第7章 su casa
ー穂波sideー
ベーコンと春キャベツ、フレッシュトマトのペンネ、
リーフ、新玉ねぎ、オリーブ、いちごのサラダ。
ドレッシングはオイルと塩と胡椒をたらり、ぱらぱらってしただけ。
酢もなし、レモンもなし。これが一番、美味しかったりする。
常備菜も食材も限られたほどしかないし簡単な昼食。
でもなんだか思いがけず豊かだ。
春キャベツ。
信介さんから届いた。
ふっくら柔らかく大きなのが2玉。
新玉ねぎ、ごろごろ。7個。
昼食には使ってないけど
新じゃが、春にんじんも入っていた。
そして、お米。
信介さんが就農して初めて収穫した、お米だよね、去年のだから。
ありがたい。

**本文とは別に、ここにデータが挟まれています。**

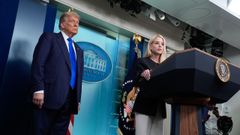 Donald Trump, este viernes en una rueda de prensa junto a la fiscal general estadounidense, Pam Bondi.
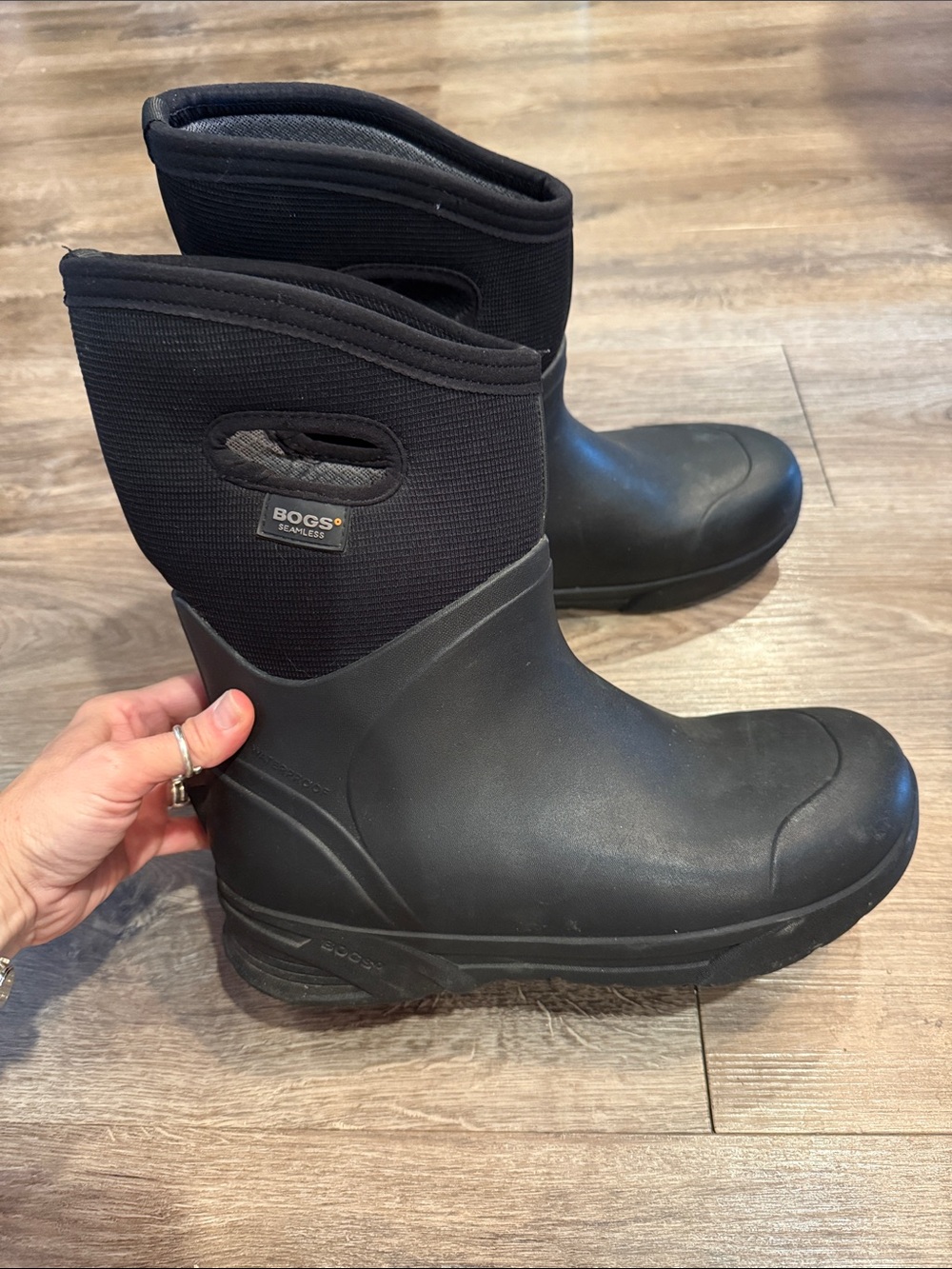 BOGS Mens Classic Ultra Mid  Black 100% Waterproof, Insulated Rain Boots SIZE 9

嬉しい。嬉しい。有り難い。
リビングの畳の上で寝っ転がってゲームをしてる研磨くんを呼んで。
2人で選んだグラスにお茶を注いで。
烏野の2年生からもらったのと同じシリーズでそろえた、
クチポールのフォークで食べ始める。
器はスノーピークのプレート。
とりあえずだけどとりあえずで用済みにはならない。
とりあえずじゃない子がやって来ても、ちゃんと活躍できるもの。
わたしたちの日常が、ここから今、本当に始まっているって感じがする。
やっぱり、寝ること起きること食べることを共にするのは、すごいことだなって。
まだ1日目が始まったばかりなのに、そう思った。
「キャベツ、うま。 味濃い」
『ほんとだね、柔らかいし甘いし美味しいねぇ』
本当にほんとに美味しい、北さんと信介さんのお野菜。
「今年は行ってみるの?」
『ん?』
「GW、田植えがあるとか言ってなかった?」
『…あ、うん』
去年、迷ったけど結局オーストラリアに行った。
そうだな、今年もお兄ちゃん、ワールドツアーに出場するから招待はしてくれるだろうけど。
カリフォルニアでちょこちょこ会えそうだし、カリフォルニアで開催の時は絶対みれるし。
田植え、行ってみたいな。
…けど、8月に渡米するのにその5月の連休ってわたしにとって大きいな。
わたしは連休とかあんまり関係ないけど、研磨くんの大学は休みになるわけだし。